Vaccination Covid en France : vers une étrange défaite ? [Tribune]

Le bon et le mauvais gouvernement (Ambrogio Lorenzetti, XIVe siècle, Palazzo Pubblico, Sienne)
S’il est des moments où l’on ne peut se contenter d’être uniquement un commentateur, celui-ci en est un.
Sidérés, comme un grand nombre de confrères, par les débuts misérables de la vaccination Covid dans notre pays nous nous devons de prendre la plume pour dénoncer ce qui pourrait augurer d’un nouveau fiasco qu’il faut tout faire pour éviter. 

Quelles sont les données en notre possession en ce 31 décembre 2020 au matin pour le vaccin Pfizer ?

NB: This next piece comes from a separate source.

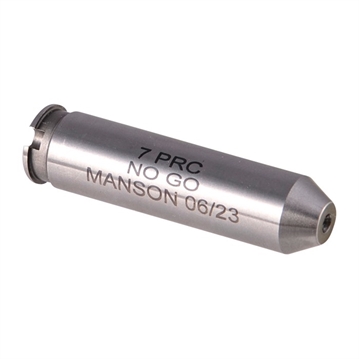 Picture of Manson Precision 7MM PRC NO GO GAUGE HEADSPACE GAUGE STEEL NG7PRC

Quand le Royaume-Uni et Israël ont atteint environ 800 000 vaccinés (après il faut le dire un début anticipé par rapport à l’Europe continentale, le 8 décembre pour le Royaume-Uni par exemple), l’Allemagne 80 000, le Portugal 20 000, la France plafonne à 332 avec seulement quelques dizaines d’EHPAD concernés bien qu’elle ait reçu, à la même date, la même dotation de vaccins par habitants que ses partenaires européens !
Pour justifier ce gap inquiétant (et il faut bien le dire humiliant), nos autorités politiques et sanitaires, nous martèlent, comme à des enfants impatients, qu’il ne faut pas confondre vitesse et précipitation (sic) et que ces chiffres sont conformes aux plans établis.

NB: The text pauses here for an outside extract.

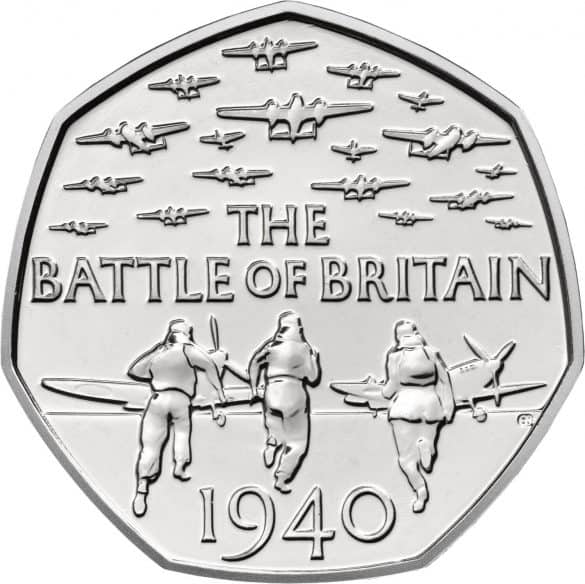 battle of britain 50p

En dehors de ce remake du Lièvre et la tortue, le gouvernement nous explique que cette lenteur est voulue et qu’elle se justifie par des précautions éthiques et médicales que nous serions donc les seuls à respecter : consentement éclairé des candidats à la vaccination avec délai de rétractation de 5 jours (comme pour un achat à crédit !) et consultation médicale préalable. En occultant le fait que le consentement est requis pour tout acte médical, que consultation et vaccination peuvent bien sûr être réalisées dans le même temps (comme c’est le cas par exemple pour la prévention de la grippe saisonnière pour des millions de nos concitoyens chaque année) et que ces précautions inusitées ne peuvent avoir comme effet que de renforcer la méfiance de la population (si l’on me laisse 5 jours pour réfléchir c’est bien que ce vaccin est dangereux !). De plus, même si le choix d’un consentement éclairé était la véritable explication de ce retard, il faudrait justifier le nombre ridicule d’Ehpad impliqués la première semaine car rien n’interdisait de demander simultanément leur consentement au million de personnes concernées. 

Comment comprendre ce début de campagne qui n’en est pas une, qui n’est appuyée par aucune communication gouvernementale et surtout par aucun enthousiasme des responsables sanitaires ?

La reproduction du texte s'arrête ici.